For many years, the recording industry has been able to convince the Canadian government that it needs to add a "private copying levy" to various forms of blank media, to reimburse the industry for any "private copying" that happens on that media. This is pretty questionable for a number of reasons -- basically amounting to a government tax to support a private industry and its inability to adapt its business model to the market. At times, this private copying levy can be an astounding 70%
of the cost of blank CDs. Once mp3 players (specifically the iPod) started to become popular, the recording industry fought to have the private levy attached to those players as well. In late 2003, the industry got its wish -- but with a catch. A ruling found that the devices could be taxed, but if they were, then downloading unauthorized content would be seen as legal
(uploading unauthorized content would still be illegal).

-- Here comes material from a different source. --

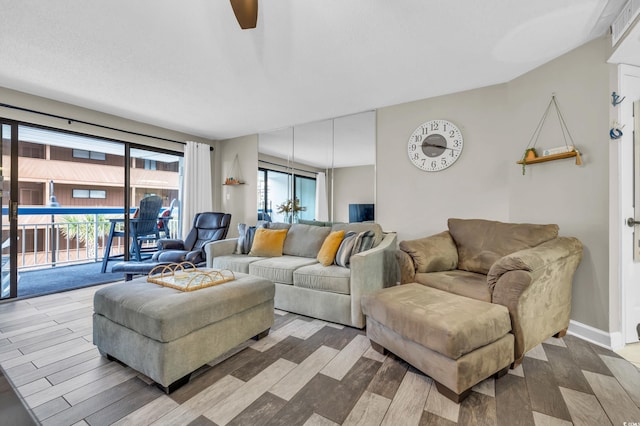 living room with hardwood / wood-style flooring, a wealth of natural light, and ceiling fan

A judge later overturned
the iPod levy, but some in the industry have kept fighting for it, and the Copyright Board of Canada supports
extending the levy to iPods.
However, in a surprise move, the Canadian Recording Industry Association (basically, Canada's version of the RIAA -- controlled by American record labels, of course) has come out against extending the private copying levy to mp3 players
, admitting that if the levy is extended (even though it will send millions of dollars directly into recording industry bank accounts), Canadians may (incorrectly, in the view of the CRIA) start to believe that downloading is legal. Of course, some people pointed out this loophole
in the recording industry's efforts to extend the private copying levy years ago -- but it seems that it just occurred to the powers that be. Once again, it's a case for the industry to be careful what it wishes for. The private copying levy makes the industry a ton of money, but does so at the expense of anger from purchasers of any blank media. Still, that anger is probably better than the anger generated by thousands of lawsuits against file sharers based on flimsy evidence.